CgT1: a non-LTR retrotransposon with restricted distribution in the fungal phytopathogen Colletotrichum gloeosporioides.

Two genetically distinct biotypes (A and B) of Colletotrichum gloeosporioides that cause different anthracnose diseases on the legumes Stylosanthes spp. have been identified in Australia. A DNA sequence that was present in biotype B and absent in biotype A was isolated by differential hybridisation of a genomic library using total genomic DNA of each biotype as hybridisation probes. This sequence also failed to hybridise to DNA of three biotypes of C. gloeosporioides from other host species and to DNA of three other species of Colletotrichum. This clone was used to isolate two cosmid clones of biotype B. Sequence analysis of these clones revealed a repetitive element of approximately 5.7 kb in length. This element, termed CgT1, was dispersed in the genome and present in about 30 copies. The element contained open reading frames encoding deduced sequence motifs homologous to gag-like proteins, reverse transcriptase and RNase H domains of non-LTR retrotransposons. The termini of CgT1 lacked long terminal repeats (LTRs) but contained a 3' A-rich domain. The insertion site of one copy of the element was flanked by short 13-bp direct repeats. These characteristics of the termini, taken together with the overall structure and sequence homologies, indicate that CgT1 belongs to the non-LTR, LINE-like retrotransposon class of elements that are present in many eukaryotes. PCR primers designed to amplify regions of CgT1 can be used to distinguish biotypes A and B in Australia. DNA fingerprinting analysis of genomic DNA using hybridisation probes derived from the terminal regions of CgT1 revealed that Australian isolates of biotype B are monomorphic.
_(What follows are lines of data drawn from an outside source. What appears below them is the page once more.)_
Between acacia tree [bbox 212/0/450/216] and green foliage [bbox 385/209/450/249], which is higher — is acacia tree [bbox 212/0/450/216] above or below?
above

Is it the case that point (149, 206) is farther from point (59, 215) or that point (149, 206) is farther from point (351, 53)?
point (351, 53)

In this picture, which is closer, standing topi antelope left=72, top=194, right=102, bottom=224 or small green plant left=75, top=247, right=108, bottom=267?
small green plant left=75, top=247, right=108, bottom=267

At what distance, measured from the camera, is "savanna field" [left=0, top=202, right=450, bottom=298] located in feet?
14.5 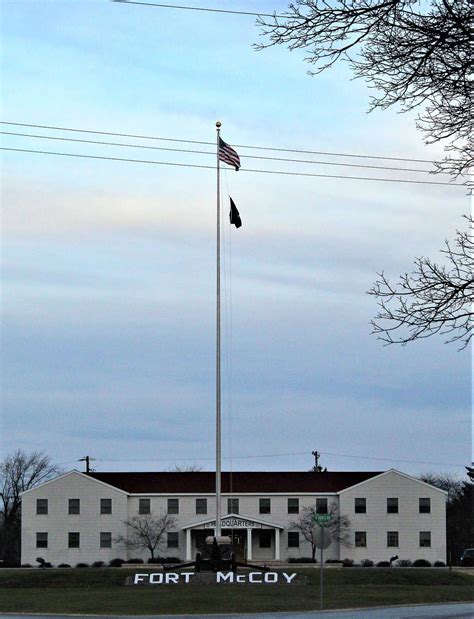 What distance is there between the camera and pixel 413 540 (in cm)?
7500

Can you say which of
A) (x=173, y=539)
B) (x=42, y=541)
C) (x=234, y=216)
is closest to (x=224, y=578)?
(x=234, y=216)

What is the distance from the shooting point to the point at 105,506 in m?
76.0

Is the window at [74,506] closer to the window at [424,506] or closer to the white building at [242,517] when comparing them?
the white building at [242,517]

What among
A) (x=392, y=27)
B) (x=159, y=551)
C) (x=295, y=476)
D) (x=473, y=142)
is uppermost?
(x=392, y=27)

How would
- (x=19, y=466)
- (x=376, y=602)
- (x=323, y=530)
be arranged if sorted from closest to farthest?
(x=323, y=530), (x=376, y=602), (x=19, y=466)

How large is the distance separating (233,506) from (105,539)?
9.23 meters

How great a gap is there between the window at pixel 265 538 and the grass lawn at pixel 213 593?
25473mm

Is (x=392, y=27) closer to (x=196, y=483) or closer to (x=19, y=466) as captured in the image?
(x=196, y=483)

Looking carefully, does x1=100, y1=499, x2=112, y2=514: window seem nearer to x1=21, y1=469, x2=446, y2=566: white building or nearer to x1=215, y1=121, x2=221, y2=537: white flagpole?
x1=21, y1=469, x2=446, y2=566: white building

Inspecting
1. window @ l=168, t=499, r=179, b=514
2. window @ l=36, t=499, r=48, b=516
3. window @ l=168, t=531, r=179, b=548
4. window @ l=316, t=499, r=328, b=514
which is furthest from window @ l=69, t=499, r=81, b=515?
window @ l=316, t=499, r=328, b=514

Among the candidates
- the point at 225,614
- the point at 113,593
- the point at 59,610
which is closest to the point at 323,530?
the point at 225,614

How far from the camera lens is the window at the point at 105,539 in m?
75.1

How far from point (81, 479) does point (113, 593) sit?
1535 inches

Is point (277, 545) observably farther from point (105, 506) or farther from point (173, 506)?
point (105, 506)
CgT1 was not detected in some isolates causing Type B disease from other countries and when CgT1 was present there was considerable polymorphism in CgT1 organisation in the genome. CgT1 is the first transposon-like element to be identified in the genus Colletotrichum and has considerable potential as a tool for the study of population structure, genome dynamics and evolution in C. gloeosporioides.